THE IMMIGRATION ACTS

 

 

Heard at Field House

Oral Decision & Reasons Promulgated

On 8 August 2019

On 23 September 2019

 

 

 

Before

 

DEPUTY UPPER TRIBUNAL JUDGE JORDAN

 

 

Between

 

mr parjit singh

(ANONYMITY DIRECTION not made)

Appellant

and

 

Entry Clearance Officer - ukvs sheffield

Respondent

 

 

Representation :

For the Appellant: Mr A Barnfield, Counsel instructed by Bedfords Solicitors

For the Respondent: Mr C Avery, Senior Home Office Presenting Officer

 

 

DECISION AND REASONS

1.              The appellant is a national of India who was born on 15 June 1984. He appeals against the determination of First-tier Tribunal Judge Fox promulgated on 14 May 2019.

2.              Curiously, there are two appeals before me. Of this, in granting permission, First-tier Tribunal Judge E.M. Simpson had this to say:

"These linked appeals concerned the same appellant who appealed against two separate ECO decisions, however it appeared from the Decision that by the time of hearing the parties agreed that one ECO decision was materially under appeal i.e. the later one of 30/04/2018, against which the appellant appealed on 17/05/2018. Why in the foregoing circumstances either the respondent had not withdrawn the earlier decision of 22/02/2018 or the appellant's earlier appeal, was not amplified. Save to state that it appeared that for all practical purposes that when determined the linked appeals sole focus was upon the substance of appeal number HU/11272/2018 in which so far as the Immigration Rules were concerned there had been agreed inter partes that the sole issue had been under Rule 320 (11)"

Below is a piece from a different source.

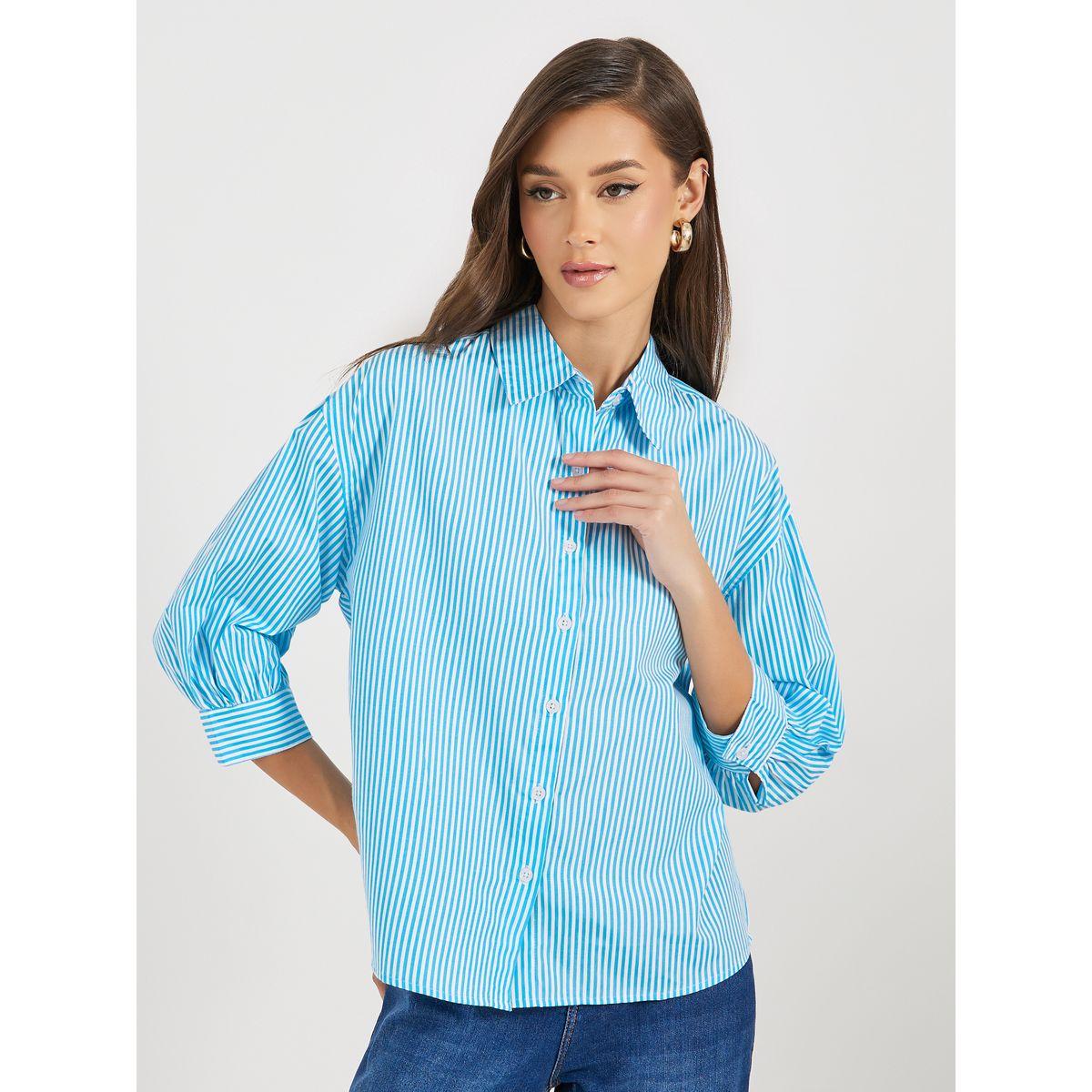 Styli Striped Buttoned Down 3/4th Balloon Sleeves Shirt-women-clothing-shirtsandblouses-shirts-image-1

3.              First-tier Tribunal Judge Fox dismissed the appellant's appeals against the decisions of the Entry Clearance Officer (supported by a review conducted by the Entry Clearance Manager) to refuse leave to enter the United Kingdom. The judge dealt with the two appeals together on the assumption that appeal number HU/11272/2018 (the later decision) was the only one needing a decision. This was a decision made by the Entry Clearance Officer on 30 April 2018 by applying what he considered to be the terms of paragraph 320(11). These are stated as follows and they are the reasons why a decision to refuse entry clearance may be made:-

"(11) where the applicant has previously contrived in a significant way to frustrate the intention of the Rules by:

(1) overstaying; or

(2) breaching a condition attached to his leave; or

(3) being an illegal entrant; or

(4) using deception in an application for entry clearance, leave to enter or remain or in order to obtain documents from the Secretary of State or a third party required in support of the application (whether successful or not);

and there are other aggravating circumstances such as absconding, not meeting temporary admission/reporting restrictions or bail conditions using an assumed identity or multiple identities, switching nationality, making frivolous applications or not complying with the re-documentation process ".

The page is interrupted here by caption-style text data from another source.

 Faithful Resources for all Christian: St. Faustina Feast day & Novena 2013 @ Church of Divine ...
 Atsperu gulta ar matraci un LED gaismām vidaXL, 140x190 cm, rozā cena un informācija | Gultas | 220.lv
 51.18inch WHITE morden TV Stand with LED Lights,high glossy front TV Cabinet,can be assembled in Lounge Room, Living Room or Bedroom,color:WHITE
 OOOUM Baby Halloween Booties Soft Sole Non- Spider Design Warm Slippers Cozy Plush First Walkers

It is those final words and whether there are aggravating circumstances which were the subject of the judge's consideration. Those factors have been given further consideration in the case of PS (paragraph 320(11) discretion: care needed) India [2010] UKUT 440 where Kenneth Parker J said at paragraph 14:-

" The Entry Clearance Officer, in making the decision of refusal, refers nowhere to the guidance under paragraph 320(11). It is therefore wholly unclear whether the Entry Clearance Officer has addressed his mind to the relevant question, namely whether in the circumstances of this case Mr S's breach of UK immigration law was sufficiently aggravating so as to justify the refusal. It seems to us that the Entry Clearance Officer should have specifically recognised that Mr S had voluntarily left the United Kingdom more than twelve months ago with a view to regularising his immigration status. There was no question but that the marriage was a genuine one. If the aggravating circumstances are not truly aggravating there is in this context a serious risk that those in the position of Mr S will simply continue to remain in the United Kingdom unlawfully and will not seek to regularise their status as he has sought to do. The effect then is likely to be counter-productive to the general purposes of the relevant rules and to the maintenance of a coherent system of immigration ".

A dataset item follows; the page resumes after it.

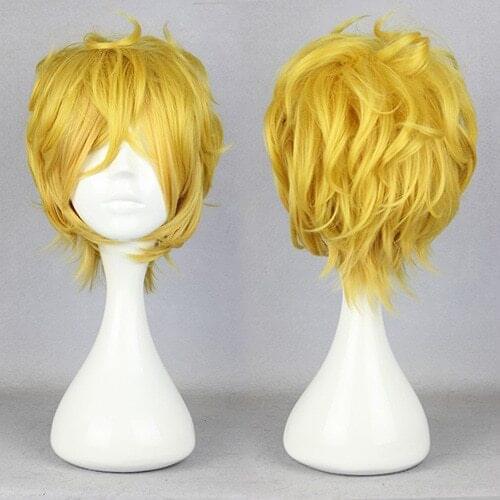 Yellow Curly Cosplay Hair Men Halloween Party Cosplay Headwear Anime Cartoon Hair Synthetic Hair Costumes Accessories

Those were the principles that the judge was required to apply.

4.              In granting permission to pursue this appeal before the Upper Tribunal the First-tier Tribunal Judge said permission is granted because:-

"(i) there was materially arguable that the decision so far as the judge's treatment of what is effectively a discretionary provision of the Rules, its discretionary nature barely being acknowledged ".

The judge in granting permission then goes on to point out that the return to India of an individual to apply for entry clearance to regularise his position is something which should be encouraged and it was therefore because of the failure to acknowledge a discretionary element that the permission in this case was granted.

5.              There may be instances where the decision maker has a discretion. The exercise of the discretion is informed by, not to say governed by, the Immigration Rules as I have set out above. When the discretionary element is articulated in the Immigration Rules, the discretion is to be considered in the context of the words of the Rules themselves, since this is the method that the Secretary of State has himself chosen to direct the decision-making process. Hence the judicial decision maker is entitled to follow and to focus upon whether the appellant meets the requirements of the Immigration Rules. It will only be in very rare circumstances that a person who fails to meet the requirements of the Immigration Rules that the decision maker is forced to look and see whether there are circumstances which might amount to a further, residual discretionary element outside them. In this case there was no allegation made that there were circumstances - personal circumstances pertaining to the appellant himself - which had the quality of a discretionary element which required consideration outside the Rules. Indeed the case was argued on the basis that there were no aggravating circumstances such as those identified in paragraph 320(11).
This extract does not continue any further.